Instagram isn’t only a place to share perfectly framed photos of sunsets and selfies – some business owners have realized that the site works for pushing product, too. Today, e-commerce startup Soldsie, which previously focused only on businesses selling to their Facebook Page visitors, will now bring similar functionality to Facebook-owned Instagram.

This will put Soldsie in closer competition with services like Chirpify, which has offered in-stream commerce on Instagram for over a year, as well as with newer arrivals like Hashbag, a site which The Daily Dot hilariously described as the “mutant love child of Instagram and Craigslist.”

More broadly speaking, Instagram’s ability to be a marketing vehicle for businesses and brands has led to the growth of others, like Oracle-acquired Vitrue and Salesforce-acquired Buddy Media for example, which help companies manage their social media presence and run campaigns. And more recently, Instagram began experimenting with brand advertisements of its own.

But Soldsie’s system is designed primarily for small to medium-sized merchants running daily and weekly sales, as opposed to individuals selling their own items, or those running some sort of marketing campaign.

“It’s kind of like creating an e-commerce site, but putting it through Facebook and Instagram,” explains Soldsie co-founder Chris Bennett.

He notes that Soldsie had been quietly testing Instagram support with a small number of merchants (under a dozen) since September, ahead of rolling it out more publicly today. And as with Soldsie’s Facebook support, the process for selling on Instagram is simple for merchants and shoppers alike: a seller posts a photo of an item for sale and instructs users to comment “sold” along with their email address.

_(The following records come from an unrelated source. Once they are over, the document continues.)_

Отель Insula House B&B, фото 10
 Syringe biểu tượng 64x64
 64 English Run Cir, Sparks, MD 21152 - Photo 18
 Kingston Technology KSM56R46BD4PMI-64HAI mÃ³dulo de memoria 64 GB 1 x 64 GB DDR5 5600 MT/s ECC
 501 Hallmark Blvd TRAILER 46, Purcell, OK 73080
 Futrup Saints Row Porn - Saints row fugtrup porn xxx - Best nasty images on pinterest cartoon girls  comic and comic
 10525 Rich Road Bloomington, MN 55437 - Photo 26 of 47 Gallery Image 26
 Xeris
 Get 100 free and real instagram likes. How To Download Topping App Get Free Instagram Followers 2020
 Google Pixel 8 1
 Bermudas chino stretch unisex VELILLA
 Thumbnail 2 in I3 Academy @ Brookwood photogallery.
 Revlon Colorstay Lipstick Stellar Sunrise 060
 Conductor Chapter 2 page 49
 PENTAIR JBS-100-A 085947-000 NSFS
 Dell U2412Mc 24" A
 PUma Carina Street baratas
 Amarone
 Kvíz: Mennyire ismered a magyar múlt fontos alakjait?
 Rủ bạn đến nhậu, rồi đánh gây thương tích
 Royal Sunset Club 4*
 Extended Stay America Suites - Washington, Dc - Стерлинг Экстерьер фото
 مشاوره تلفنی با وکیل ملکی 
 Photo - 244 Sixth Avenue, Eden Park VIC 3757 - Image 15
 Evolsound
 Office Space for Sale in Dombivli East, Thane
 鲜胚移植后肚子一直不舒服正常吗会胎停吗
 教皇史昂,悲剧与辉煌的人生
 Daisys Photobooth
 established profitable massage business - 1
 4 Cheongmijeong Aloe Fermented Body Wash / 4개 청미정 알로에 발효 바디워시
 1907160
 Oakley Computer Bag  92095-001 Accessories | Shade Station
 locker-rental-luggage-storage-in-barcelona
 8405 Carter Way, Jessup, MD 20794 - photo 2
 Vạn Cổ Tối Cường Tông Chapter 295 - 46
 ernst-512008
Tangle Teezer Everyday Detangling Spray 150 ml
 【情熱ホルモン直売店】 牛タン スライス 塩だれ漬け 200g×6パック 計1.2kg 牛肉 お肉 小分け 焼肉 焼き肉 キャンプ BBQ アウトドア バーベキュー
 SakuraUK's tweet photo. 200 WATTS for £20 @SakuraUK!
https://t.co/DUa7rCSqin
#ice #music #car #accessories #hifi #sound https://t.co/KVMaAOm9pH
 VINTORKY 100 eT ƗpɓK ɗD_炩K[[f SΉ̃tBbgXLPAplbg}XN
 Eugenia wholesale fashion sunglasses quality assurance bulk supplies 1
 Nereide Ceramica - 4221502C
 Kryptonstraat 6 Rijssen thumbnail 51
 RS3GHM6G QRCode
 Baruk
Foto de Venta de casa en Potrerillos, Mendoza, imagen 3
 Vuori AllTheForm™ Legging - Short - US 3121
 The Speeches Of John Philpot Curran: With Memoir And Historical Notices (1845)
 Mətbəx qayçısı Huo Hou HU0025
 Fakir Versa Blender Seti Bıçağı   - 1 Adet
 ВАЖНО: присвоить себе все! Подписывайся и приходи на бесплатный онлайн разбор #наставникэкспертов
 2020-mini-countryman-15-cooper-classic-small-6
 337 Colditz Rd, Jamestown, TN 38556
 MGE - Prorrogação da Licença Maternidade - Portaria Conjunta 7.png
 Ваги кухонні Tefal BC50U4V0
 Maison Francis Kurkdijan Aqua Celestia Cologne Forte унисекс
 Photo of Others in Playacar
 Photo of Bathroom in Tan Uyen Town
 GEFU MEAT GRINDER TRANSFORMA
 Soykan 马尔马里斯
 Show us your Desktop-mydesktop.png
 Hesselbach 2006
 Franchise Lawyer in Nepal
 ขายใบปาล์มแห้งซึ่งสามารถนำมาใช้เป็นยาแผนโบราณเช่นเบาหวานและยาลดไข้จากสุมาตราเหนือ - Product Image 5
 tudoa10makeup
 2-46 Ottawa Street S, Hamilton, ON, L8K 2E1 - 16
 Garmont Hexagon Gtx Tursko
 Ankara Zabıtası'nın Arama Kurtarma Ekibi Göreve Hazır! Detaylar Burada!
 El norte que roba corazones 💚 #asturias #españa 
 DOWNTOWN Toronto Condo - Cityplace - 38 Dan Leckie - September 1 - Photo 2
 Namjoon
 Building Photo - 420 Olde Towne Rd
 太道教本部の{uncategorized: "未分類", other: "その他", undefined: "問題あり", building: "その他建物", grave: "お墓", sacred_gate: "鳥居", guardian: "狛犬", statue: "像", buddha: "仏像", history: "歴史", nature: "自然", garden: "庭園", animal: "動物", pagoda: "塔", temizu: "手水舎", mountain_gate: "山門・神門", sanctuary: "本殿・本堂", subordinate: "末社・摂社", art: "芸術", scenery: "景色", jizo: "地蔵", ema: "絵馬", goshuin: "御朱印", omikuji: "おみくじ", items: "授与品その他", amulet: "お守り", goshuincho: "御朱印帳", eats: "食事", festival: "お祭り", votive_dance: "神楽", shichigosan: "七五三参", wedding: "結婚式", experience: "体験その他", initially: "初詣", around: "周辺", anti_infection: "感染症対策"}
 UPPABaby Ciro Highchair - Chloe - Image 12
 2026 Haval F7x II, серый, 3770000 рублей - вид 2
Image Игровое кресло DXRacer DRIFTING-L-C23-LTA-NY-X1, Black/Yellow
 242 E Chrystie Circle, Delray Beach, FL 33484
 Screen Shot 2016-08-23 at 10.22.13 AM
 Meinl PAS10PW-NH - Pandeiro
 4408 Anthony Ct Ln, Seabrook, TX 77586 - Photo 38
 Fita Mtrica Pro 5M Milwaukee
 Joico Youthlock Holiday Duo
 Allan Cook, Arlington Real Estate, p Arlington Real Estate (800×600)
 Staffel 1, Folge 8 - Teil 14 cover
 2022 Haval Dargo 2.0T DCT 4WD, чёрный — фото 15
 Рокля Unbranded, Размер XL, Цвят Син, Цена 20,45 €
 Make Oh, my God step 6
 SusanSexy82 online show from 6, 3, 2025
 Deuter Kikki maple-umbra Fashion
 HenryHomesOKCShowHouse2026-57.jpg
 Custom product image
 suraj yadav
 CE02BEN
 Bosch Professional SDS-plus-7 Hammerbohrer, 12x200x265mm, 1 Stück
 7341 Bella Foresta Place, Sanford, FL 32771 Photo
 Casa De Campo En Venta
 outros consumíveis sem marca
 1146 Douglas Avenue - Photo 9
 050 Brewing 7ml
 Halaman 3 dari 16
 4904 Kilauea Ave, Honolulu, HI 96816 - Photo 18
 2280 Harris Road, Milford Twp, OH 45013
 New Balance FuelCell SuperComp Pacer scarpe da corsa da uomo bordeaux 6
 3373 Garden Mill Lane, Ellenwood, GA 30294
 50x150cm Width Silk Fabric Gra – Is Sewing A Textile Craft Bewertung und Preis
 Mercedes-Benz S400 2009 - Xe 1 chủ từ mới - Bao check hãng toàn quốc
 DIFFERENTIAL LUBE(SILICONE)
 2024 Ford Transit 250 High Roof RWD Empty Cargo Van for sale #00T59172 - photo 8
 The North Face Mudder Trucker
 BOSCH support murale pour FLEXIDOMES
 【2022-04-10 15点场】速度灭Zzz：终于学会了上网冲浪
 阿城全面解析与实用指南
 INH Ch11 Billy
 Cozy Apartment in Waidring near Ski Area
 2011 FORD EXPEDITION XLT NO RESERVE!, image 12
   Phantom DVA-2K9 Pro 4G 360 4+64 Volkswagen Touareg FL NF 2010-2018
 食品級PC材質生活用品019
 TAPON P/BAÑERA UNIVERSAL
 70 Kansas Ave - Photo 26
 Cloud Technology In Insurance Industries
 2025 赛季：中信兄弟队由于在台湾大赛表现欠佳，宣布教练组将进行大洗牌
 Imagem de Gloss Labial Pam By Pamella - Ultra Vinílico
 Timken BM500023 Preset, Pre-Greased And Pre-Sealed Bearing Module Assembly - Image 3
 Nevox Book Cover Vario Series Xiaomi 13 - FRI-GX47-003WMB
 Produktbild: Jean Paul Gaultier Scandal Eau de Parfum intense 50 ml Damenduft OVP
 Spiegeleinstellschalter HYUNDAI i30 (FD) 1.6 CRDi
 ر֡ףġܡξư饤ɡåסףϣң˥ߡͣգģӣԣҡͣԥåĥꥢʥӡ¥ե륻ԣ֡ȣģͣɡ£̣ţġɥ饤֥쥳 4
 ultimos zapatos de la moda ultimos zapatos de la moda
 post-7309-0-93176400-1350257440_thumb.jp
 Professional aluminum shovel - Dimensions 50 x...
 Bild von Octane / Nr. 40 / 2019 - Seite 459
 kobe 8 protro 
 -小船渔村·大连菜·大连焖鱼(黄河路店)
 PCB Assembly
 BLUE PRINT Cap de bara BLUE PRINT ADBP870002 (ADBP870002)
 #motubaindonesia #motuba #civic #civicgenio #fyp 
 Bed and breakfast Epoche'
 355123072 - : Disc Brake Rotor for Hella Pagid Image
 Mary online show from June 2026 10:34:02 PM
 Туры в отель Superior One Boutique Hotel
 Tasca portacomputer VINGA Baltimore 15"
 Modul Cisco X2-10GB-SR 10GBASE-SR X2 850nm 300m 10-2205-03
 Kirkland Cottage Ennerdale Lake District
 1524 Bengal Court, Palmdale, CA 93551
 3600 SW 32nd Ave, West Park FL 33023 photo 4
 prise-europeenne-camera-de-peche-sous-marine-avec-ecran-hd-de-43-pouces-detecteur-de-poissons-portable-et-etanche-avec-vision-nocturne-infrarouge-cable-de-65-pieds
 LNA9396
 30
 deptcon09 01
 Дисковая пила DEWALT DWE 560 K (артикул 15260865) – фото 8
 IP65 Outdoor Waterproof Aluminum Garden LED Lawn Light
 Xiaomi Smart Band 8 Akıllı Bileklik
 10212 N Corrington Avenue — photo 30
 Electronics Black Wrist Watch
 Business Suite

Buyers using Soldsie on Facebook complete their transactions on the site, but Instagram shoppers are treated a little differently. After commenting, buyers are automatically sent an invoice for the item in question via email, though the company is also offering an option that would direct shoppers to a form hosted by Soldsie instead.

The company is also now working with its merchant customers more closely, says Bennett, providing them support that includes advice on how to better run their sales, communicate with their customer base, and more. The pricing for either service – Facebook or Instagram –  is not set in stone, Bennett adds, saying that it’s now a mix of a minimum of sales or a percentage of sales.

During the beta period, the first business to test the Instagram selling feature saw 72 orders in its first day, and another business is seeing $1,000 per day in sales on average, says Bennett. “People are beginning to build their following counts on Instagram, and it’s great to see that the businesses we work with are seeing a great return on investment for building up their following base,” he says.

However, Soldsie’s beta tests have been too small to draw larger conclusions from at this point. What we do know is that social media can drive purchases – see, for example, the value of a Pinterest pin – but whether or not it will ever drive a significant number of in-stream purchases, so to speak, is something that’s still being proven.

Earlier this summer, Soldsie reported over $10 million in transactions processed on its platform, and a reach of over 1,000 merchants. Bennett says the company is growing and has now seen $15 million in transactions as of today.